На все окольные вопросы отвечал: «нет» и вдруг определенно заявил:
– Я ничего не люблю.
После этого мы замолчали. Что же дальше спрашивать? Надо подождать.
Но, к удивлению, он заговорил снова:
– У нас слово «любить» разное значит. Я, по-своему если, – правда, ничего не люблю. А если хотите – могу сказать, что я недавно любил старух.

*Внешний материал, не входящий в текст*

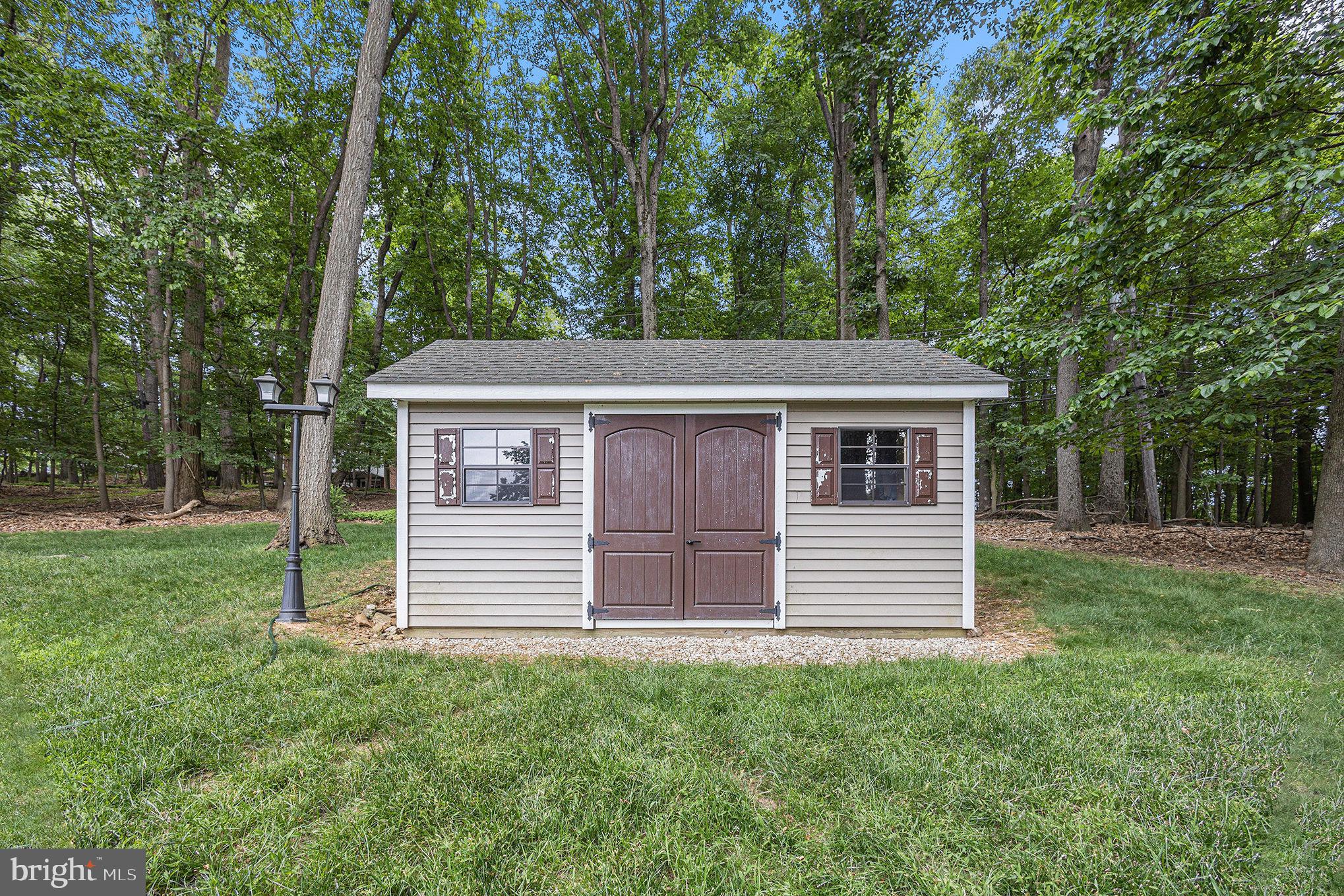 556 Forest Road Wayne, PA 19087 - Photo 31 of 35 front view of a house with a yard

– Как это, старух? Каких старух?
– Вот, вы уже не понимаете. А я любил. То есть опять не «любил», а другое: влекся к ним, потрясался, что ли, ими. Оне преследовали меня, – и я их преследовал.
– Да, не понимаю…
– Это надо выдумать такое слово, как французское fascination[1 - обаяние (фр.).]. По-русски перевести – выйдет все не то. А затем надо знать, какие старухи на меня так действовали.
– Не все значит?
– Конечно, не все. Во-первых, моя старуха – незнакомая, я ее встречал на улице, обыкновенно. За ней-то и шел, остановиться не мог, преследовал. Старуха подтянутая, накрашенная, еще «не отказавшаяся», хотя уж с неуверенными глазами, – конечно, не моя старуха. Деловая, с корзинкой, с пакетами, с другой старухой, – тоже не моя. Не любил я и «бабушек», около детских колясочек, с дочкой, с нисходящим поколением, – опять не та.
– Какая же та, ваша?
– Я вам расскажу. Она – праздная, и непременно одна. Одета в черном или темном, не то, что оборвано, но бедно и как-то без «любви», без внимания, точно без сознания. А вместе с тем кажется, что ее одежда и есть она, а она – вот эта одежда. Юбка полудлинная, сбоку немножко висит, чулки черные и ужасно плоские башмаки, носами чуть вверх. Кофта какая-то, – редко пальто; на шейке бывает шерстяная косынка; шляпа тускленькая, приплюснутый бант, или без банта. Руки в черных нитяных перчатках, и на каждом пальце, на конце, камушек свалялся. Иногда в руках зонтик, рыжий, довольно большой и ридикюль. Старушка моя сухонькая и очень часто совсем маленькая. Горбится, но бывает и прямая. Она идет…
– А какое у нее лицо?
– Подождите, не перебивайте. Она идет медленно и… как бы сказать? идет – никуда. Это сейчас видно, что никуда. Может остановиться у витрины, долго стоять неподвижно и смотреть – все равно на что: на колбасу, на аптекарские принадлежности, на антикварную мебель, на гору булок, на чулки, на электрические лампы, на чемоданы, на челюсти, на бутылки с шампанским, на галстуки и рубашки, на образцы антрацита – ей все равно. Стоит тихо и смотрит, и подол у нее также висит, и ручками черными прижимает к себе тихо зонтик или ридикюль. Вы спросите, какое лицо. Такое, как она вся: отсутствующее. Посветлее ее всей, пожелтее, с глазами, может быть, видящими (видит же, идет же), а, может быть, и нет. И глаза «отсутствуют». Меня это отсутствие и тянуло, прямо втягивало. Оно – тишина. Понимаете, на улице шум, грохот, вскрики автомобилей, звонки, спешка… А моя царственная, отсутствующая старуха в тишине – как в облаке, стоит – или идет, неторопливо, одинаково, именно как идут – никуда. С таким лицом, с таким зонтиком нельзя не идти – никуда. И я за ней шел, не мог тоже не идти; в ее облако тихое старался попасть – и не попадал, хотя почти вплотную шел, у тех же витрин с нею останавливался, смотрел на аптекарские банки, на пустые перчатки в красильне, на чемоданы… Она двигалась – и я двигался. Потом или темнело, и я, в огнях, сам не знаю, как терял ее, или она за угол заворачивала, и я тоже терял ее; но непременно терял, когда в меня уж начинала входить ее тихость, беззвучность, ее отсутствие. В тихом этом страшное, но упоительно-страшное, такое, которое влечет, справиться нельзя.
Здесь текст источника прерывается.